Maison d’éditions et d’impressions Anct AD. Hoste, S. A. (p. 205-206).

LXI.

FRUIT DE RÊVE.

Ma main, lassée enfin de s’être en vain tendue
Vers l’odorant fruit d’or de mon rêve lointain,
Retombe, pâle enfin d’espérance perdue,
Vide aux rougeurs du soir comme au bleu du matin.

Pâle, dans mon giron ma main repose, humide
Des larmes de la pluie et des brumes du soir.
Le fruit d’or a tenté mon cœur fier et timide,
Mais un faune moqueur a ri de mon espoir.

Mon désir a gardé le dédain du possible,
Le dégoût du fruit rouge au buisson du chemin.
Je ne veux que le fruit du rêve inaccessible
Qui toujours se promet, se refuse à ma main.

Ô fruit d’or que j’adore ! ô fruit d’or et de rose !
Fruit de fièvre et de soif ! fruit de vie et de mort !
J’exalterai ton charme en rose apothéose,
Pour bénir ta splendeur, à l’heure où tout s’endort.

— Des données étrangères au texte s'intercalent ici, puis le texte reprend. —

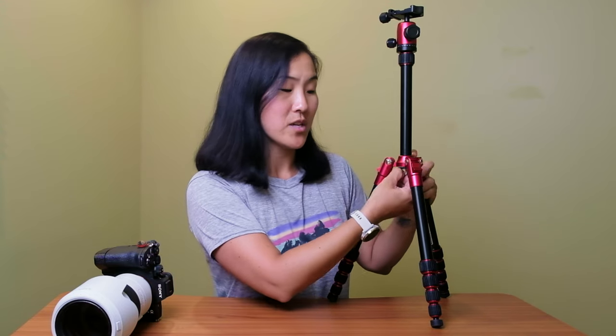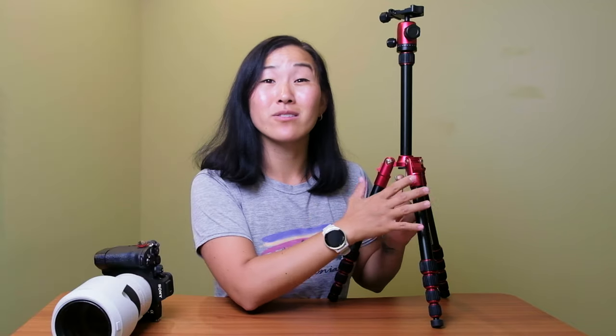With the tripod fully deployed and camera on top, there are a couple more pros to mention. First, it comes with a Manfrotto ball head — the part where you attach your camera. A ball head lets you twist the knobs and rotate your camera in different directions, which I definitely recommend. It also comes with an Arca Swiss tripod plate with a thumb screw, so you don't need a special tool to attach it to your camera. The final great feature is the center column hook — pull it down and you can hang something like a water bottle or camera bag from it, which gives you extra stability by adding a little weight to the center column.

Oh ! si la vie, ainsi qu’une mère affolée
Met une pêche aux mains de son enfant qui meurt,
Consolait ma cruelle agonie isolée
Avec le beau fruit d’or de mon lointain bonheur !

Trop lourd pour que ma main le lève vers mes lèvres,
Le fruit reposerait dans mes paumes en feu,
Trop tard — mais sa fraîcheur apaiserait mes fièvres
Et son odeur serait l’haleine de mon dieu.